Getting Started with HATS import
====================================================

Installation
-------------------------------------------------------------------------------

We recommend installing in a virtual environment, like venv or conda. You may
need to install or upgrade versions of dependencies to work with hats-import.

.. code-block:: console

   >> conda create -n <env_name> python=3.12
   >> conda activate <env_name>

.. tip::
    Installing optional dependencies

    There are some extra dependencies that can make running hats-import in a jupyter
    environment easier, or connecting to a variety of remote file systems.

    These can be installed with the ``full`` extra.

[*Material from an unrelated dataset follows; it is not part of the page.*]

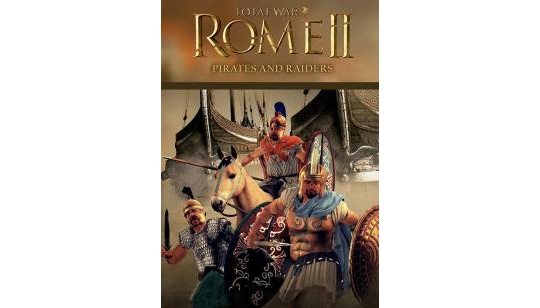 Total War: ROME II - Pirates and Raiders Culture Pack cover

    .. code-block:: console

        >> pip install hats-import[full]

.. tip::
    Installing on Mac

    ``healpy`` is an optional dependency for hats-import (included in the ``full`` extra)
    to support converting from older HiPSCat catalogs, but
    native prebuilt binaries for healpy on Apple Silicon Macs 
    `do not yet exist <https://healpy.readthedocs.io/en/latest/install.html#binary-installation-with-pip-recommended-for-most-other-python-users>`__, 
    so it's recommended to install via conda before proceeding to hats-import.

    .. code-block:: console

        >> conda config --append channels conda-forge
        >> conda install healpy



Setting up a pipeline
-------------------------------------------------------------------------------

For each type of dataset the hats-import tool can generate, there is an argument
container class that you will need to instantiate and populate with relevant arguments.

See dataset-specific notes on arguments:

* :doc:`catalogs/arguments` (most common)
* :doc:`guide/hipscat_conversion`
* :doc:`guide/margin_cache`
* :doc:`guide/index_table`
* :doc:`guide/reimporting`

Once you have created your arguments object, you pass it into the pipeline control,
and then wait. Running within a main guard will potentially avoid some python
threading issues with dask:

.. code-block:: python

    from dask.distributed import Client
    from hats_import.pipeline import pipeline_with_client

    def main():
        args = ...
        with Client(
            n_workers=10,
            threads_per_worker=1,
            ... 
        ) as client:
            pipeline_with_client(args, client)

    if __name__ == '__main__':
        main()